_WORK INSTRUCTION_. Beginning with the line that contains "야마하 YZF R1 thumb 2", print each line to the end of the data exactly. Omit the pictures.

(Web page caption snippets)
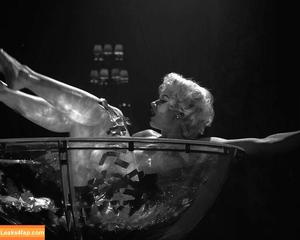 Miss Mosh photo #0181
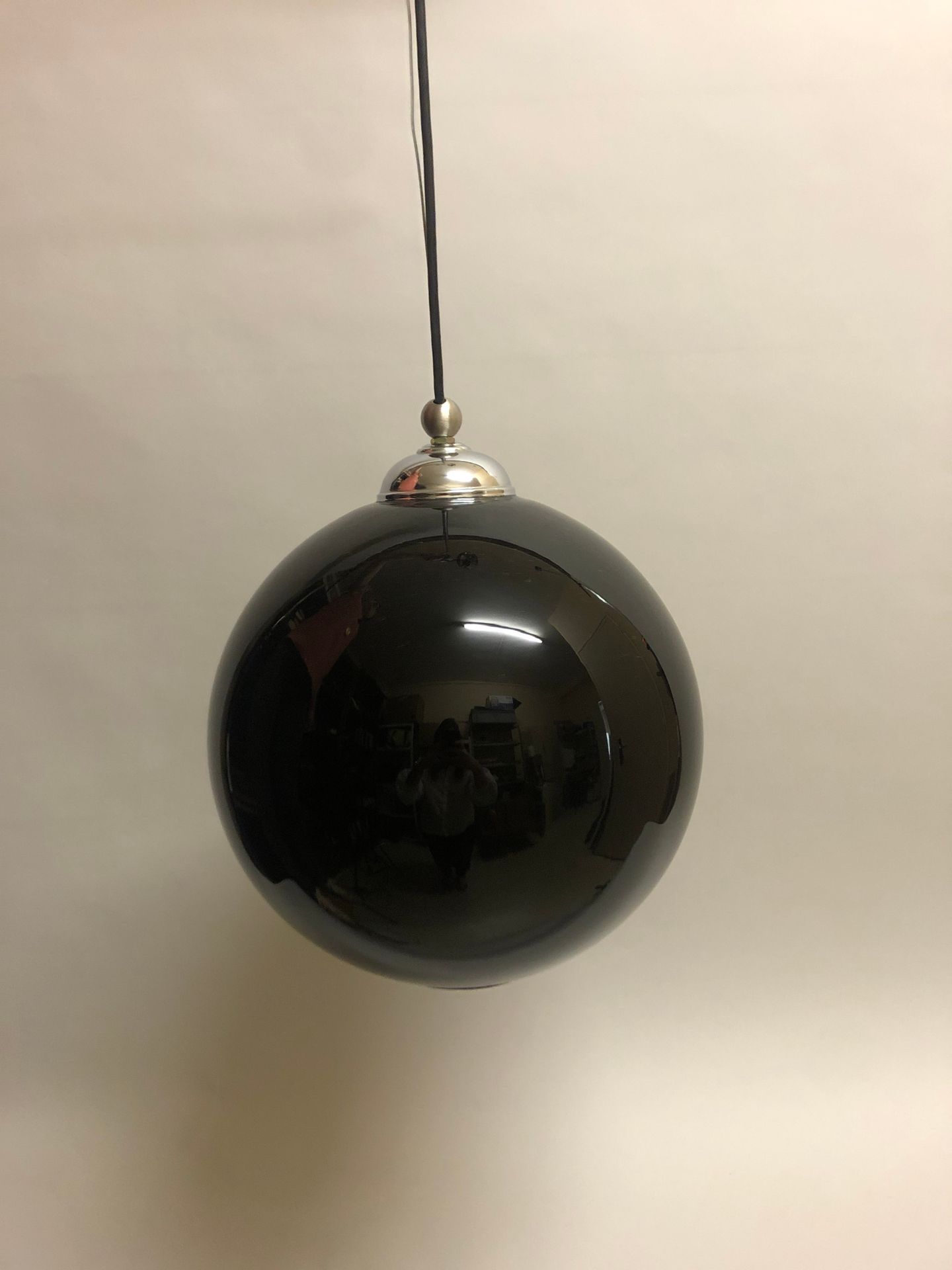 Null LEUCOS（的味道）。悬架球黑色绝对。球的高度：35厘米，直径：28厘米。总高度：114厘米。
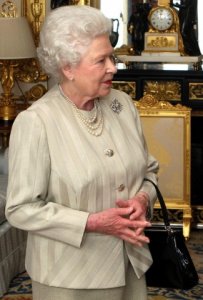 Queen+Elizabeth+II+Meets+Governor+South+Australia+G794g-q3Na3l.jpg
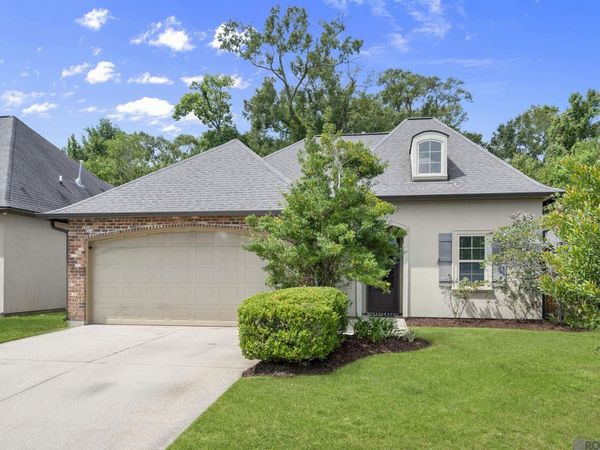 7022 Buttonbush Dr, Baton Rouge, LA 70817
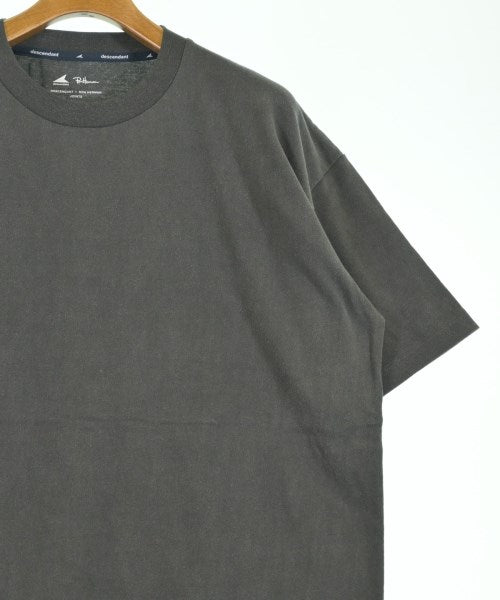 DESCENDANT เสื้อยืด/เสื้อท็อปส์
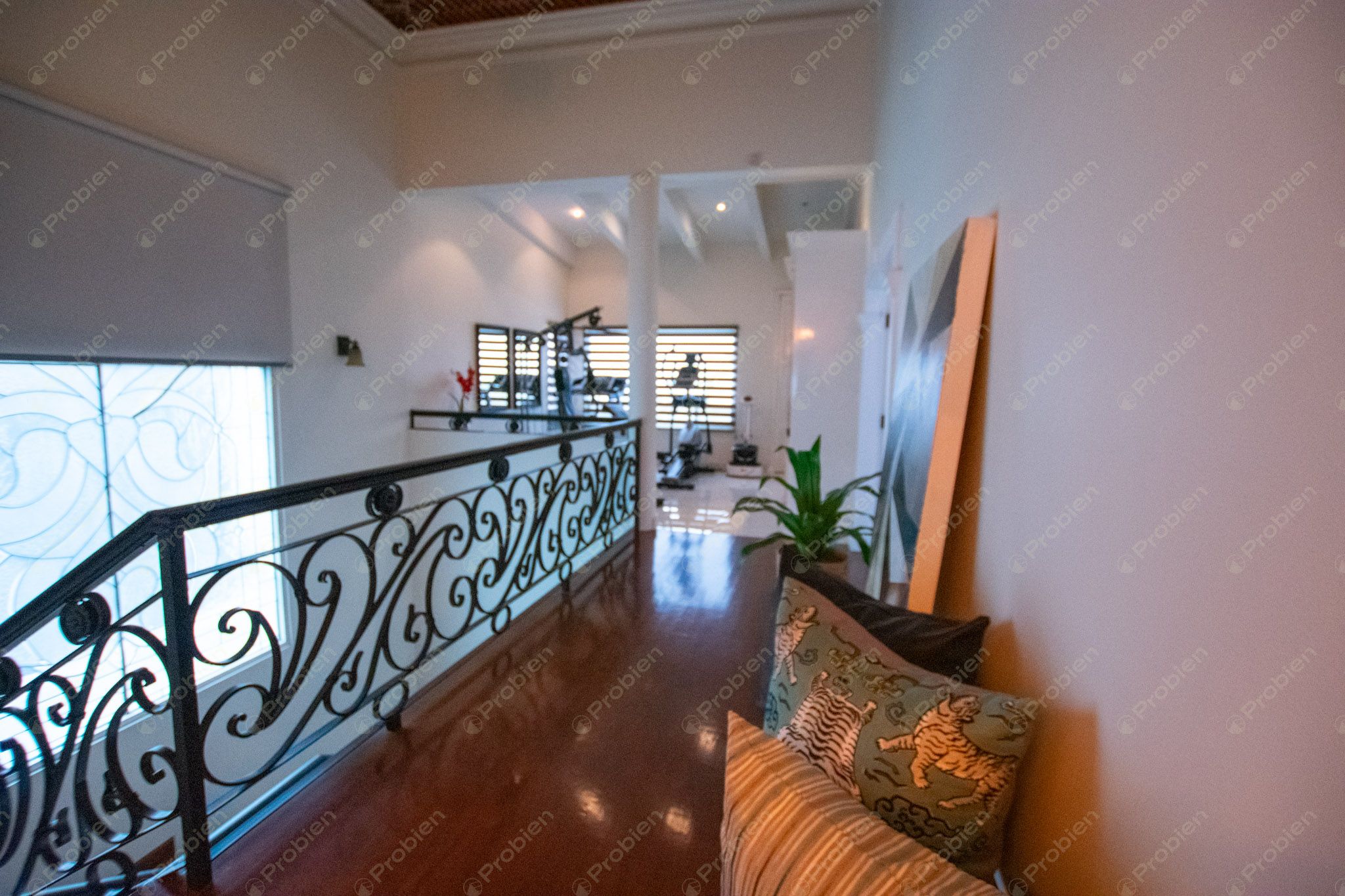 Hermosa Casa en Venta en Puerta de Hierro – Amplia, Iluminada y con Acabados de Lujo - Foto 25 de 40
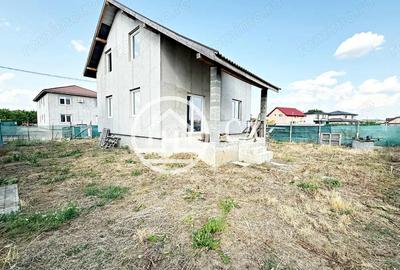 Casa de vanzare cu 4 camere in Episcopia, Bihor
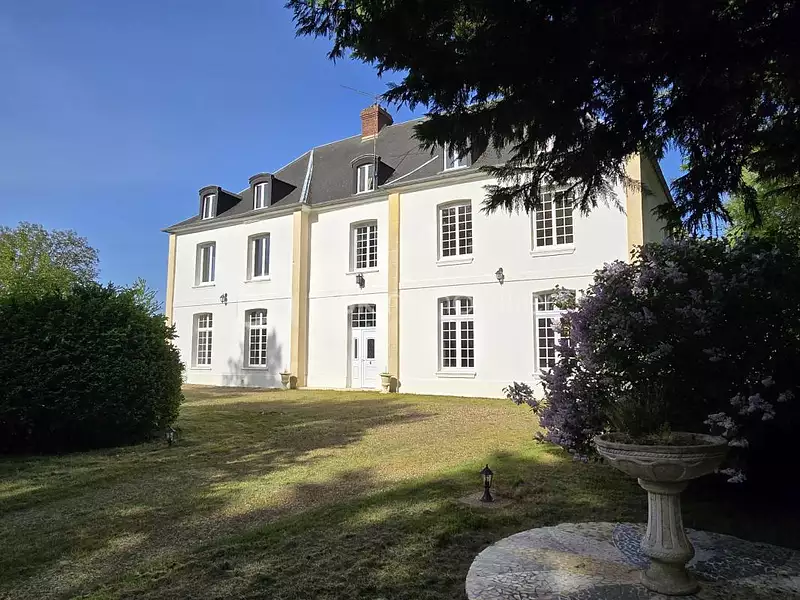Maison, 375 m²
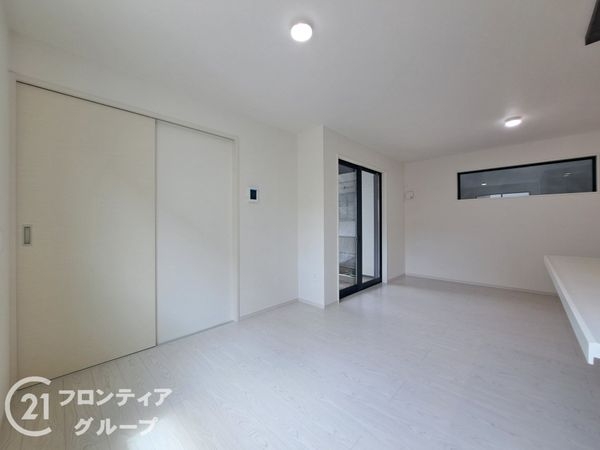 東大阪市菱屋西５丁目　新築一戸建て　１期　２号棟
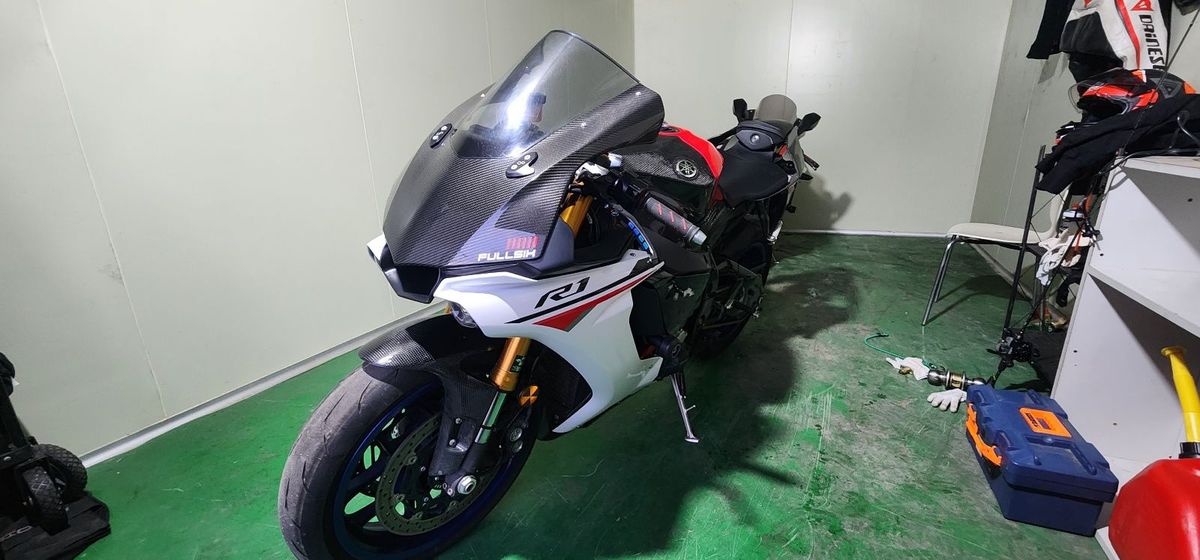 야마하 YZF R1 thumb 2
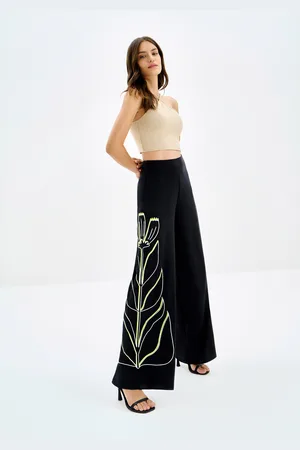 LEZ A LEZ Calça Pantalona em Crepe com Bordado Folhas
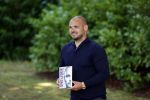 Doorn 27 juni 2020
Presentatie boek Wesley Sneijder . Het boek is geschreven door Kees Jansma en mark v Bommel ontving het eerste exemplaar.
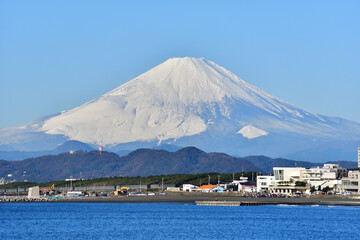 朝日に照らされる富士山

_EXPECTED ANSWER_.
 야마하 YZF R1 thumb 2
 LEZ A LEZ Calça Pantalona em Crepe com Bordado Folhas
 Doorn 27 juni 2020
Presentatie boek Wesley Sneijder . Het boek is geschreven door Kees Jansma en mark v Bommel ontving het eerste exemplaar.
 朝日に照らされる富士山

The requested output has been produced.